PROBLEM DETAILS
Keep the pictures out, and restate the listing that follows exactly as written.

DATASET EXCERPT
· · · · ·

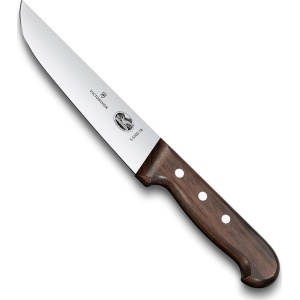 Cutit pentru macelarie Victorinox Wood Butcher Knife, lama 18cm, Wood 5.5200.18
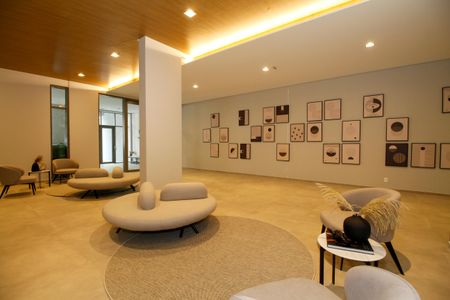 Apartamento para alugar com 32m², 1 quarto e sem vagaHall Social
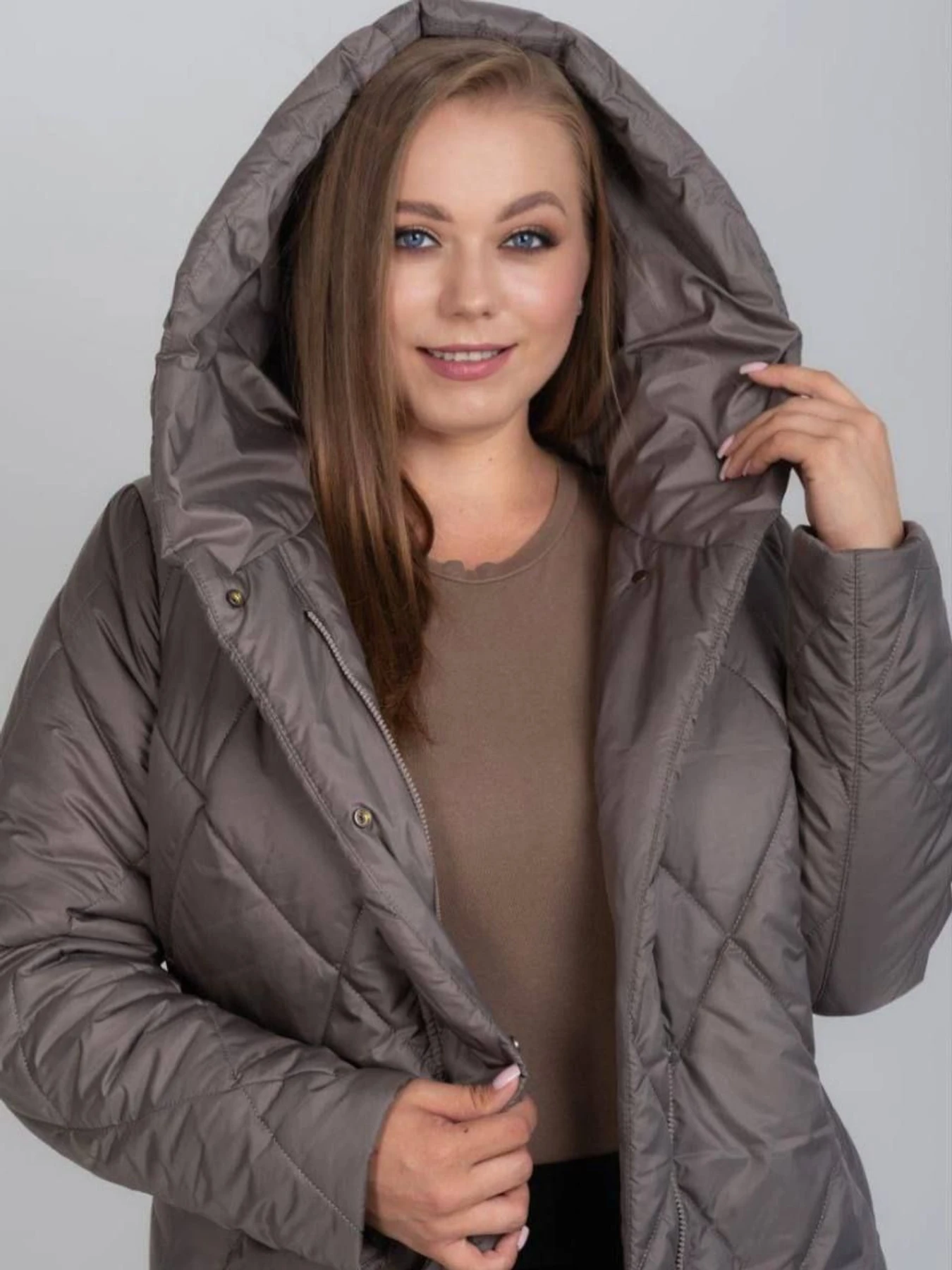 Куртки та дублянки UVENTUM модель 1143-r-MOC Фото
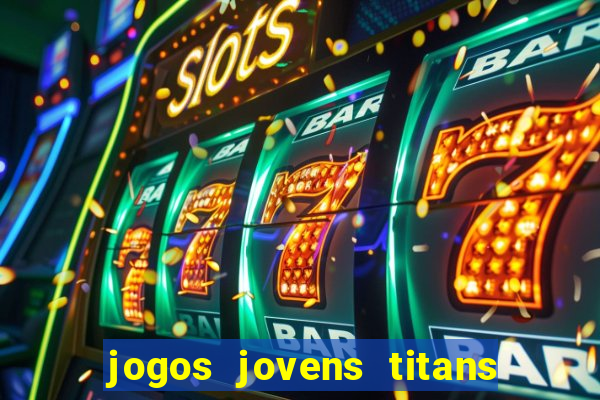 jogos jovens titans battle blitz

· · · · ·

TASK RESPONSE
 Cutit pentru macelarie Victorinox Wood Butcher Knife, lama 18cm, Wood 5.5200.18
 Apartamento para alugar com 32m², 1 quarto e sem vagaHall Social
 Куртки та дублянки UVENTUM модель 1143-r-MOC Фото
 jogos jovens titans battle blitz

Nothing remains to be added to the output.